Following is a review of Assegai by Wilbur Smith, St. Martins Press, NY, 2009.
Smith has his formula for adventure action books down pat. This one is no exception. Set in Kenya before World War One, the author weaves his story around actual historical figures such as Lord Delamare, President Roosevelt and Colonel Lettow von Vorbeck. However, the tale’s main characters are fictional and often outrageously so. They are too handsome, too honorable, too cruel, too evil, too knowledgeable, too brave, or too beautiful. Even so their entrance and exit from the plot provides the pace of the story.
The basic plot revolves around a stock Smith character this time Leon Courtney, a young man who comes into his own as a hero, hunter and spy. He kills many animals - always minutely described - beds a series of women, relies on his African guides for bush and cultural savvy and despite flirting with disastrous failure time and again, ultimately succeeds in all endeavors. As noted, it is a well told tale.
Assegai is fiction so the author can create geography, which he does. He also throws in a bit of Swahili, which helps shore up the Kenyan setting , but the title is strange.
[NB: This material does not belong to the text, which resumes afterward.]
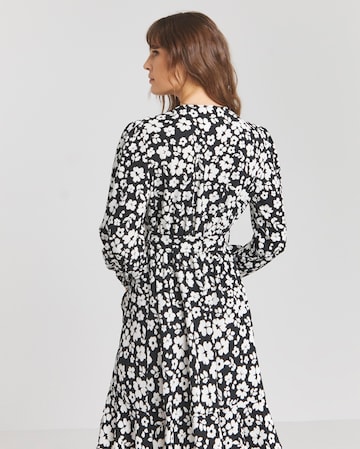 Mono Print Textured Wrap Skater Dress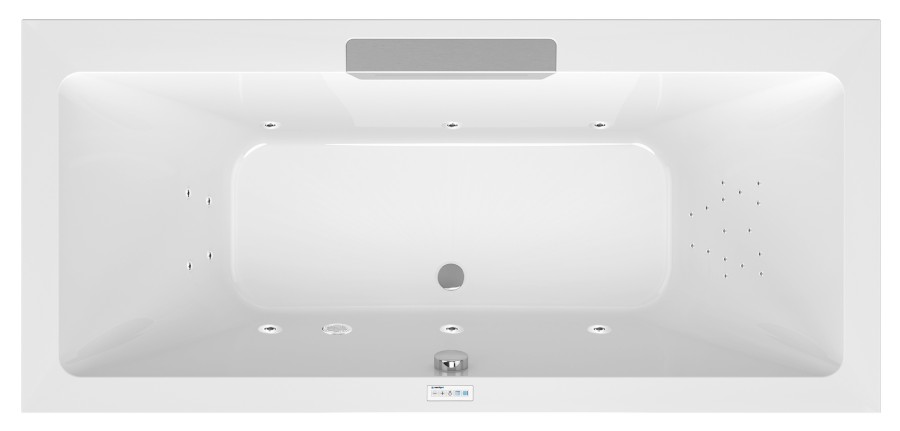 73836.100.5010 (60827) CASCATA hydromasážní vana, 185x85x45cm, kaskáda nerez, Highline Hydro, chrom 73836.100.5010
Assegai is a Zulu word from southern Africa that is the name for a stabbing spear used there. Although the Masai people of Kenya also use a similar weapon, the Swahili name for that spear is mkuki or fumo, neither of which, I guess, are as recognizable to modern readers as assegai. I first picked up the book thinking it was about southern Africa.
Wilbur Smith’s novels always require a certain suspension of belief by the reader, but his African settings are valid and his tales move along. Assegai is a great beach or airplane book.